### Exercise instructions:
Would you please output, word for word, the span of the listing below that opens on the line containing "Selon Achraf Hakimi, la" and closes on the line containing "Apartamento à venda"? Include both ends and nothing more.
= = = = = = =
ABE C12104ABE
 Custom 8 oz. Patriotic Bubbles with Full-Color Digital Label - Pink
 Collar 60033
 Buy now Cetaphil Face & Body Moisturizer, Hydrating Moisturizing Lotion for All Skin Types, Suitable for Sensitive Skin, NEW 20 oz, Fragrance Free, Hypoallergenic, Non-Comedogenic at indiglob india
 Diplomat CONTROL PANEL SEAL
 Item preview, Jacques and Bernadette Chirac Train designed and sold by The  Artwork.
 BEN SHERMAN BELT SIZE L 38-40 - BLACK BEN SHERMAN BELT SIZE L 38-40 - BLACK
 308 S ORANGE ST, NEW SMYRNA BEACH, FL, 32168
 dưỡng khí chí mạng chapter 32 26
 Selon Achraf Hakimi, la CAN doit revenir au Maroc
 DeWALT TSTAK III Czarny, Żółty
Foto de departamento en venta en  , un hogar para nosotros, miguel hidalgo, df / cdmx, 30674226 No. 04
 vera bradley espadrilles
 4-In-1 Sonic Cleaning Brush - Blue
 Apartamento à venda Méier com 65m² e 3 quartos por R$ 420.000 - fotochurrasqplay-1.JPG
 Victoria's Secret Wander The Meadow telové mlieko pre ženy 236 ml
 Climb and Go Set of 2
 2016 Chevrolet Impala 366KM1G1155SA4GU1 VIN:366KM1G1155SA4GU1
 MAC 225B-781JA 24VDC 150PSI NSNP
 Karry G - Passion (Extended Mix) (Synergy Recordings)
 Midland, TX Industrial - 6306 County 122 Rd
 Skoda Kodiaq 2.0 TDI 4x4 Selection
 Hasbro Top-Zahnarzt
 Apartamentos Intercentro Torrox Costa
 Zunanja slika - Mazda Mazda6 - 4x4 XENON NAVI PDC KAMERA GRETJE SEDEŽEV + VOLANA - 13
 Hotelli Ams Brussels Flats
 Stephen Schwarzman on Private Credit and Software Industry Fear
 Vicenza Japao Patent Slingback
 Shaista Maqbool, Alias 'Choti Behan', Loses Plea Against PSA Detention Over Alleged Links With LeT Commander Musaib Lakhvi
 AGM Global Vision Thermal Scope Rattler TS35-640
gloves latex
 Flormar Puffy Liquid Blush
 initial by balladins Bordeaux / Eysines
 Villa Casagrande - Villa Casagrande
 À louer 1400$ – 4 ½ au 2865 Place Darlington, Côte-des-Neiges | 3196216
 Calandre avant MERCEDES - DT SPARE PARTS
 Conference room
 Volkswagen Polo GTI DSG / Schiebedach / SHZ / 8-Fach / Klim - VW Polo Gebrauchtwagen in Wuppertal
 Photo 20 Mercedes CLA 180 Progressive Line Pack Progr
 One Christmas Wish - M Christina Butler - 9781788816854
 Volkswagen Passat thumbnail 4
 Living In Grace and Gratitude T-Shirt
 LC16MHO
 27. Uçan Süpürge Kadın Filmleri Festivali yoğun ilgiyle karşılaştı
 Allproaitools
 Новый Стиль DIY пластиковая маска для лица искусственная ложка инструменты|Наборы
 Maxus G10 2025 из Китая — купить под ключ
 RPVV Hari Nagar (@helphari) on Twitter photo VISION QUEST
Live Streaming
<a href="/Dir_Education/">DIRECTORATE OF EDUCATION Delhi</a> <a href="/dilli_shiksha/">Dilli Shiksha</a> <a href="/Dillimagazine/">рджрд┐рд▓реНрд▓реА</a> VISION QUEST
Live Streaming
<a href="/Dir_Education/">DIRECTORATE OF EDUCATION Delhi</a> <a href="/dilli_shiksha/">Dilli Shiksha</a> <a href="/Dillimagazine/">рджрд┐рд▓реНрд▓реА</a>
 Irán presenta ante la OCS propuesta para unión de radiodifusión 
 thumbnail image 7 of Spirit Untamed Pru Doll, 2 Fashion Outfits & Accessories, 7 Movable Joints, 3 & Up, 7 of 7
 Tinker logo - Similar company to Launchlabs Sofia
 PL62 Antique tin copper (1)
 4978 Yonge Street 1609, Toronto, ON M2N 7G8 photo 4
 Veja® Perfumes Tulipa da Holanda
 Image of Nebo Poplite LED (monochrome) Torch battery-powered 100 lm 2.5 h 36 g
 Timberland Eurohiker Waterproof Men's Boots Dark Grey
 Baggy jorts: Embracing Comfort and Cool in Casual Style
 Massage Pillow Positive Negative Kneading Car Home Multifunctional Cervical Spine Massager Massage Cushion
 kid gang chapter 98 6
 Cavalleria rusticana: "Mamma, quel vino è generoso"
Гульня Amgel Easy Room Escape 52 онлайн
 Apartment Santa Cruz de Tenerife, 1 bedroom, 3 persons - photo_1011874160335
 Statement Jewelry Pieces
= = = = = = =
### Your solution:
 Selon Achraf Hakimi, la CAN doit revenir au Maroc
 DeWALT TSTAK III Czarny, Żółty
Foto de departamento en venta en  , un hogar para nosotros, miguel hidalgo, df / cdmx, 30674226 No. 04
 vera bradley espadrilles
 4-In-1 Sonic Cleaning Brush - Blue
 Apartamento à venda Méier com 65m² e 3 quartos por R$ 420.000 - fotochurrasqplay-1.JPG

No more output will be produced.